[[ Data under study open ]]

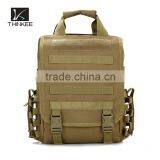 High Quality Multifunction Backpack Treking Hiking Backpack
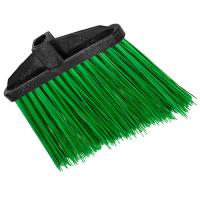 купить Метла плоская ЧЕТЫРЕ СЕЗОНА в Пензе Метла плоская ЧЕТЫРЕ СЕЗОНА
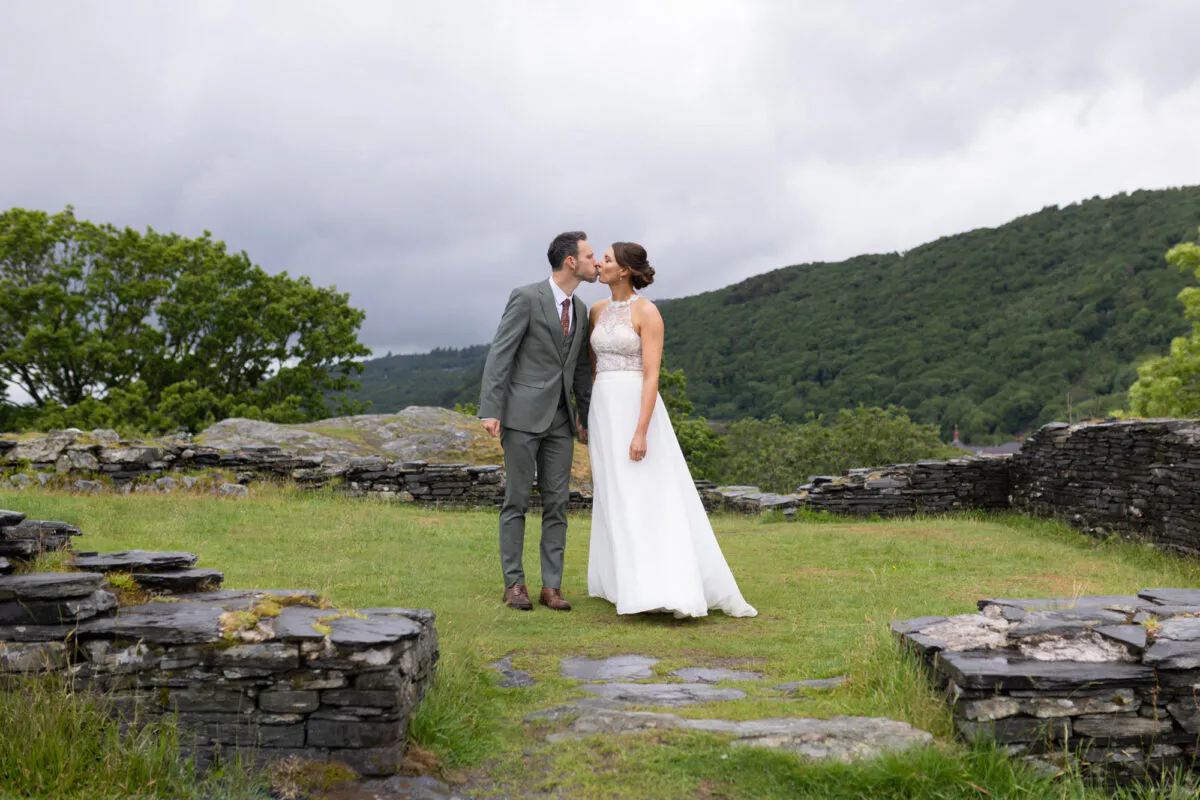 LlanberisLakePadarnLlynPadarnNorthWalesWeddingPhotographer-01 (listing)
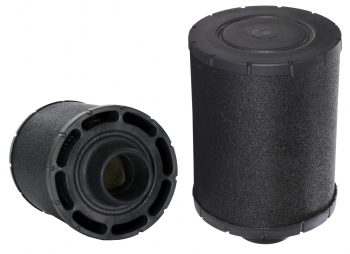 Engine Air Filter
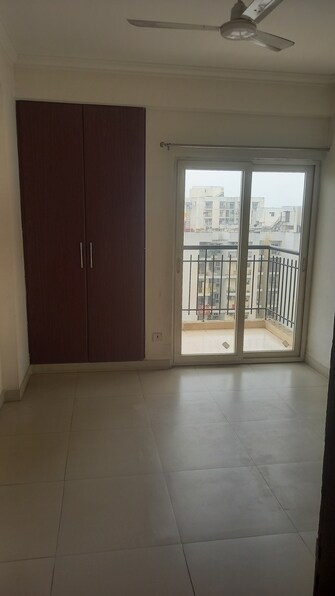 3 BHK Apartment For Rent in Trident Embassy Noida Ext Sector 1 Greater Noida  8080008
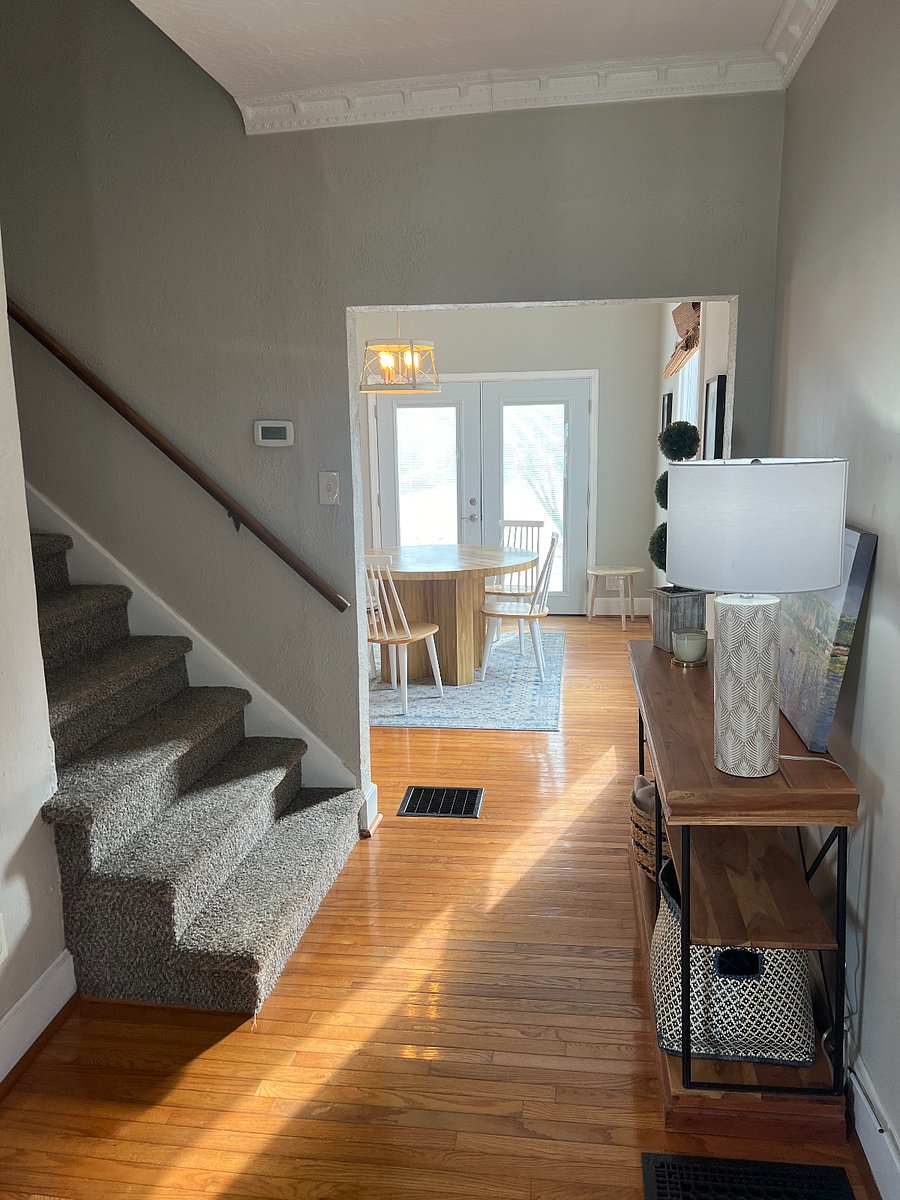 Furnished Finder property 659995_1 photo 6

[[ Data under study closed ]]
[[ Data under study open ]]

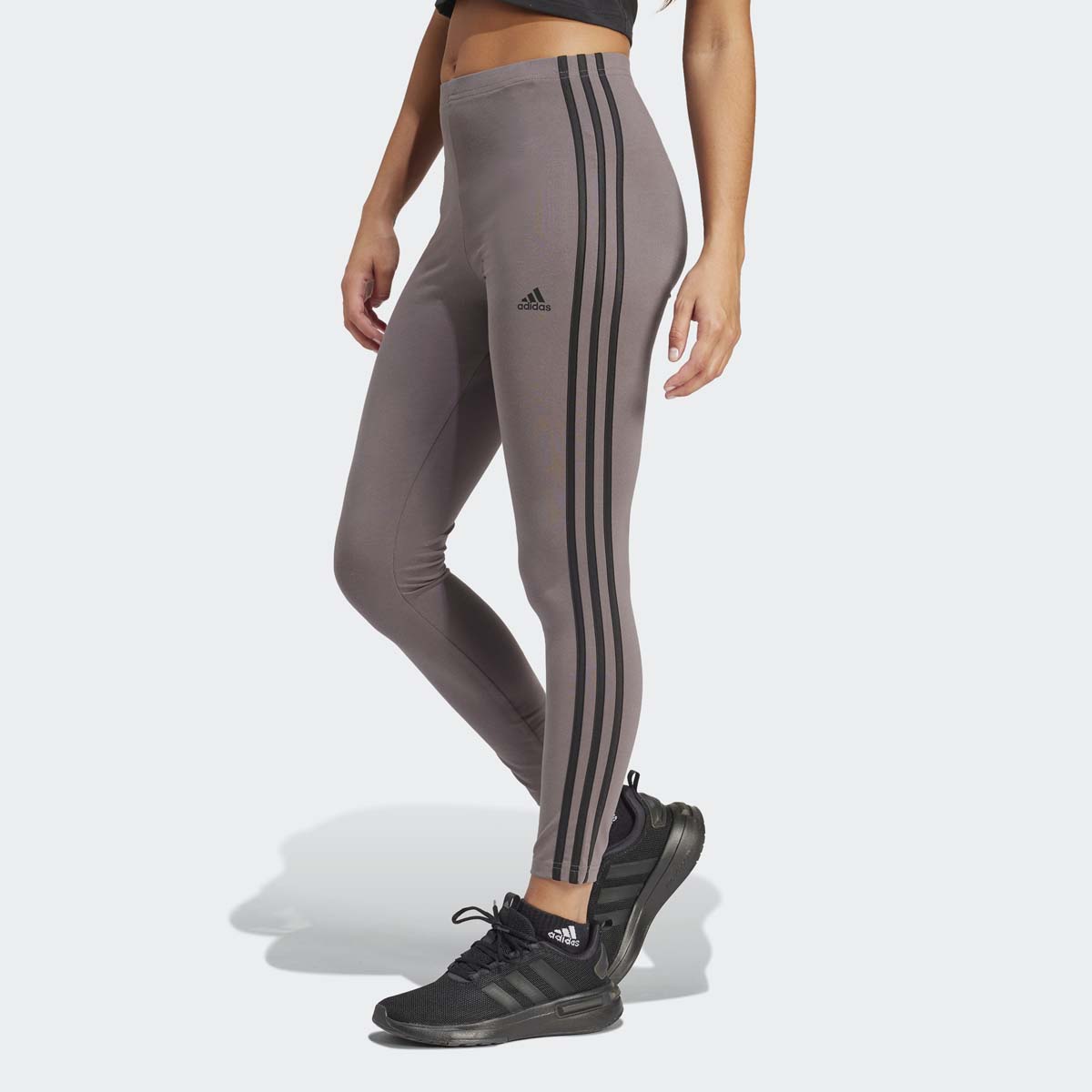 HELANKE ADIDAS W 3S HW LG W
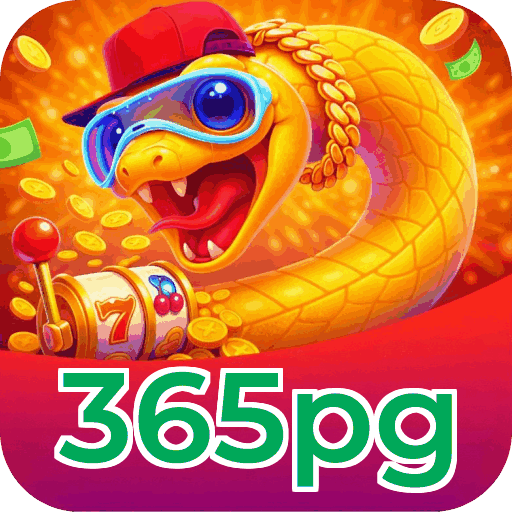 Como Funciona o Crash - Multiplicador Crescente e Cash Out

[[ Data under study closed ]]

**What you have to do**
Leaving out all pictures, set down exactly the lines of the material above, from the line with "High Quality Multifunction" to the line with "Furnished Finder property 659995_1 photo 6" inclusive, and no others.

**Task response**
 High Quality Multifunction Backpack Treking Hiking Backpack
 купить Метла плоская ЧЕТЫРЕ СЕЗОНА в Пензе Метла плоская ЧЕТЫРЕ СЕЗОНА
 LlanberisLakePadarnLlynPadarnNorthWalesWeddingPhotographer-01 (listing)
 Engine Air Filter
 3 BHK Apartment For Rent in Trident Embassy Noida Ext Sector 1 Greater Noida  8080008
 Furnished Finder property 659995_1 photo 6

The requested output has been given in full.